1
Reading Tendency (Concept vs. Narrative)
Drawn to books that explore moral, philosophical, or social questions through clear argumentation or structured storytelling. This reader prefers clarity of theme and reasoning over dramatic action or emotional fluctuation. They want to understand why people act and what ideas those actions reveal.
2
Comprehension Style (Evidence vs. Possibility)

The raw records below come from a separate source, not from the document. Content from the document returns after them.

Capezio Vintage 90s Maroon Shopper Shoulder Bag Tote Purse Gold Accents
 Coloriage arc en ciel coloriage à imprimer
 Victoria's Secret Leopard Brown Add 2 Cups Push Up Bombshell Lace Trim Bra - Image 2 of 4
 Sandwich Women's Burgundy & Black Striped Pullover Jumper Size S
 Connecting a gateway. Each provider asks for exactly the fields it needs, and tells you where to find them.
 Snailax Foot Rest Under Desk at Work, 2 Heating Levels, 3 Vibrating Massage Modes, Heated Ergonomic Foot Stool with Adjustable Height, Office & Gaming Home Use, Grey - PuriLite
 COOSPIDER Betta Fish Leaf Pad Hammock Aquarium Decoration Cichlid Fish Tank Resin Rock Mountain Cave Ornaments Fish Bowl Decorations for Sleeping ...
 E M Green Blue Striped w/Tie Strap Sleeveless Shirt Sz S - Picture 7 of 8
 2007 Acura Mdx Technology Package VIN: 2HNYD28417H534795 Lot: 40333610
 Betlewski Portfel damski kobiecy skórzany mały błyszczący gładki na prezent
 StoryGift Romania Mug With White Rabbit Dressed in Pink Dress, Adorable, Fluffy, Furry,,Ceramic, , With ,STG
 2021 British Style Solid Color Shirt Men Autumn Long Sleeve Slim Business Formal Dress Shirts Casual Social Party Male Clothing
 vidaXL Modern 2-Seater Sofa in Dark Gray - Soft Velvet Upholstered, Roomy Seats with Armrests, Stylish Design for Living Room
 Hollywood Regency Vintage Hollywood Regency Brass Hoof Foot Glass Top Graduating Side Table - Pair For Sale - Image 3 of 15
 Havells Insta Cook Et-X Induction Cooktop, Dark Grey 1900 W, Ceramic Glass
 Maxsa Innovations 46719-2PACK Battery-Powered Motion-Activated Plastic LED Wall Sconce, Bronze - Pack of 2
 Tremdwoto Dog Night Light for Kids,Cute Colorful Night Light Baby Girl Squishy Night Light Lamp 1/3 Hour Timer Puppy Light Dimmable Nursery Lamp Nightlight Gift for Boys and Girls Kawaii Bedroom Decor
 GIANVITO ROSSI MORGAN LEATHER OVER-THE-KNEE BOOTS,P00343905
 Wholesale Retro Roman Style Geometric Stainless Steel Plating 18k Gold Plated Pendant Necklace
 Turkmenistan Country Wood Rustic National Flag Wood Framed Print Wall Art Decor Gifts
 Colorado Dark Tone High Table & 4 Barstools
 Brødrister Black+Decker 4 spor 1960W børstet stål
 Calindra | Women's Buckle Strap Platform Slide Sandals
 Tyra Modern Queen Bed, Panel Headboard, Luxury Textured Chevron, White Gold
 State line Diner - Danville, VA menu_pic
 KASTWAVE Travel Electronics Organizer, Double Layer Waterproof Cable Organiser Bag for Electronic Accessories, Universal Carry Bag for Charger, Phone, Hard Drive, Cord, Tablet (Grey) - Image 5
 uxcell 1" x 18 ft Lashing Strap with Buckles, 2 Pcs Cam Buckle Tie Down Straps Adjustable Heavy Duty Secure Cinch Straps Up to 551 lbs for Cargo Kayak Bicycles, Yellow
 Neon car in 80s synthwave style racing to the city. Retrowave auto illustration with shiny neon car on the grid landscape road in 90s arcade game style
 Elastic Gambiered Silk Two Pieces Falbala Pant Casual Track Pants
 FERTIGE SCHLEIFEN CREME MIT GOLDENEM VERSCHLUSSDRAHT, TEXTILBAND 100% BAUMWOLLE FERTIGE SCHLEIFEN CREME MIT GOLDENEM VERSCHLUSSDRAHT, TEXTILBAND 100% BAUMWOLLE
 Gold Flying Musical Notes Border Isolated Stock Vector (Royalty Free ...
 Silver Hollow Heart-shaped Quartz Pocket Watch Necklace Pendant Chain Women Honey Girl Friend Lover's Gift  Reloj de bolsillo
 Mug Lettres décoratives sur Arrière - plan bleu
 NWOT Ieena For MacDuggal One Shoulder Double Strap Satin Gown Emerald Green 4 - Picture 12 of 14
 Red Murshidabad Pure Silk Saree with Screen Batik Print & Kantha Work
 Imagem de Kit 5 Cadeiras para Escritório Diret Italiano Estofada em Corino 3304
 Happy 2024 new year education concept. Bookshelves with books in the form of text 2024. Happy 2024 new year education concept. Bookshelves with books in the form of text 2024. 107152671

Processes meaning by connecting key textual clues—symbols, recurring ideas, author commentary—into a unified concept. They enjoy tracing the logical structure behind themes and are comfortable defending interpretations with specific quotes or textual reasoning.
3
Topics Drawn To (Combination)
Enjoys literature with ethical or conceptual depth—To Kill a Mockingbird, Fahrenheit 451, or The Giver—and structured nonfiction where arguments unfold through evidence and consequence. They appreciate when human experience is illuminated through reasoning and text-based proof.
4
Comprehension Challenges (Evidence vs. Possibility)
May overanalyze structure at the expense of emotional nuance or creative inference. When faced with poetic or symbolic writing, they might focus too much on correctness, missing open-ended meaning. Their analytical precision can limit interpretive imagination.
5
How to Approach Books (Text vs. Multi-sensory)
Learn through text-centric exploration: close reading, color-coded annotations, and debate-style discussions. Practice restating the “big idea” in their own words after identifying evidence. Occasionally, read verse or visual texts to train flexibility in interpreting ambiguity without losing logical grounding.